* _Problem description_:
Pictures aside, reproduce exactly and only the lines from the one containing "日版黑膠】西原健一郎 Kenichiro Nishihara《Kaleidoscope" through the end of the records.

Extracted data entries
--------------------

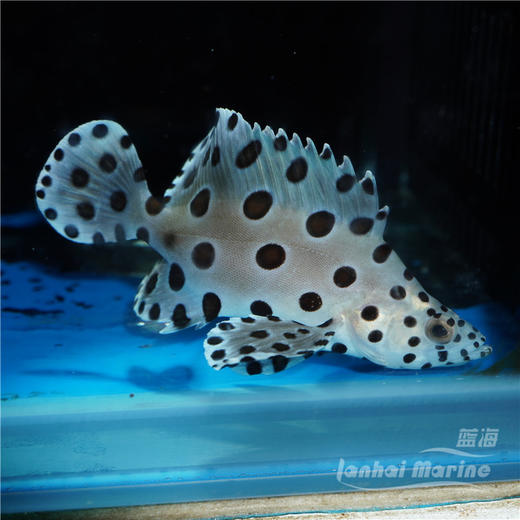 老鼠斑 商品图8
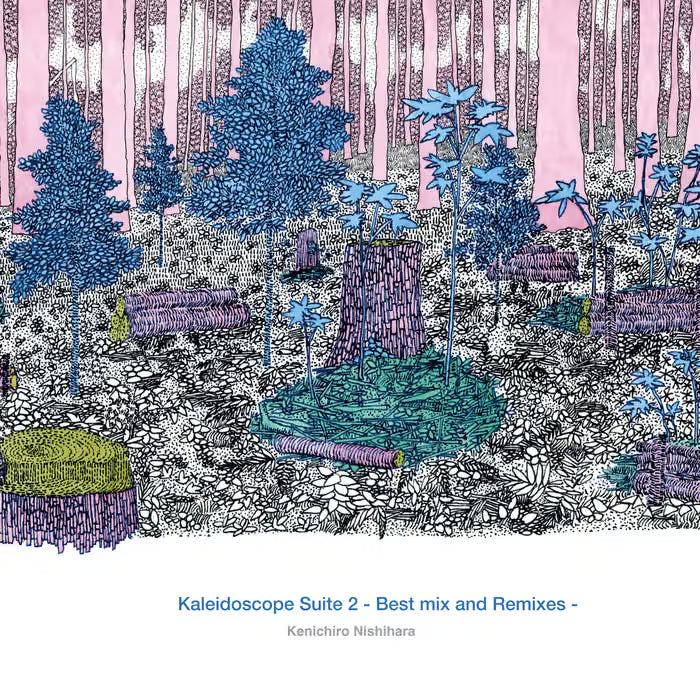 日版黑膠】西原健一郎 Kenichiro Nishihara《Kaleidoscope Suite 2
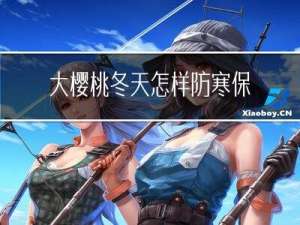 大樱桃冬天怎样防寒保存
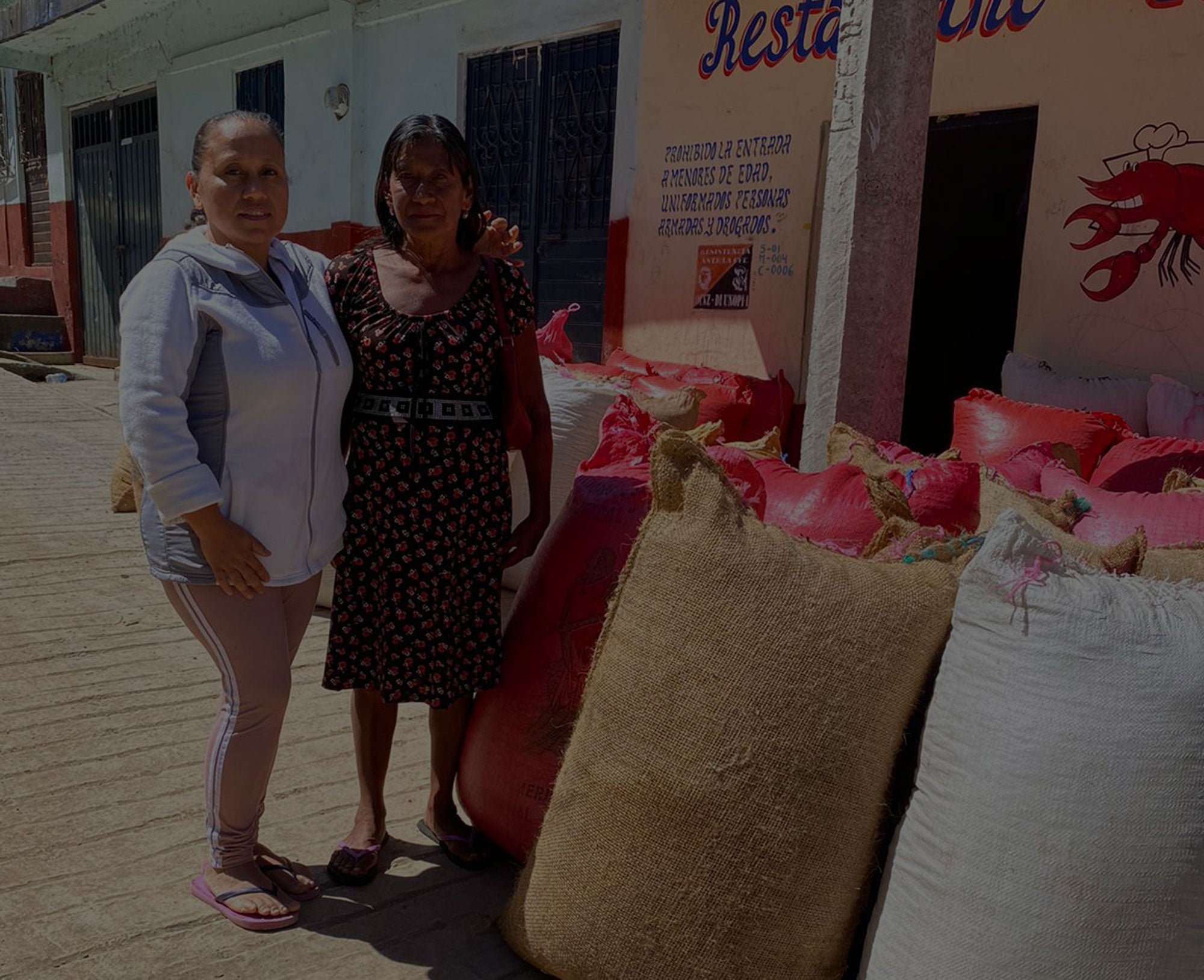 Our Female Farmer Coffee Project, responding to the challenges of the pandemic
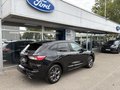 Daumennagel 4 - Ford Kuga Plug-In Hybrid ST-Line X - Techno Paket - HUD - LED - Top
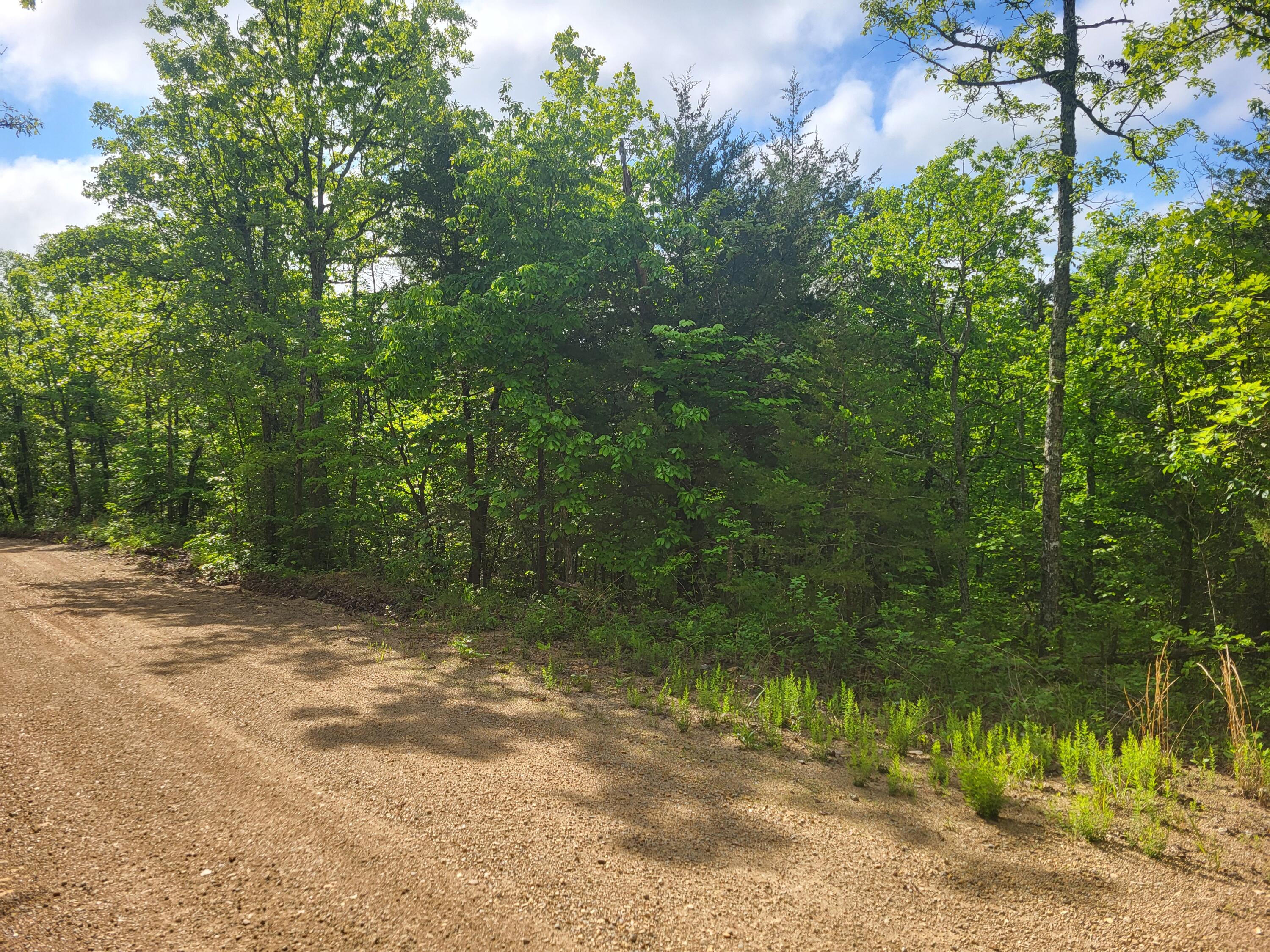 000 County Road 511 Property Photo 12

--------------------

* _Result_:
 日版黑膠】西原健一郎 Kenichiro Nishihara《Kaleidoscope Suite 2
 大樱桃冬天怎样防寒保存
 Our Female Farmer Coffee Project, responding to the challenges of the pandemic
 Daumennagel 4 - Ford Kuga Plug-In Hybrid ST-Line X - Techno Paket - HUD - LED - Top
 000 County Road 511 Property Photo 12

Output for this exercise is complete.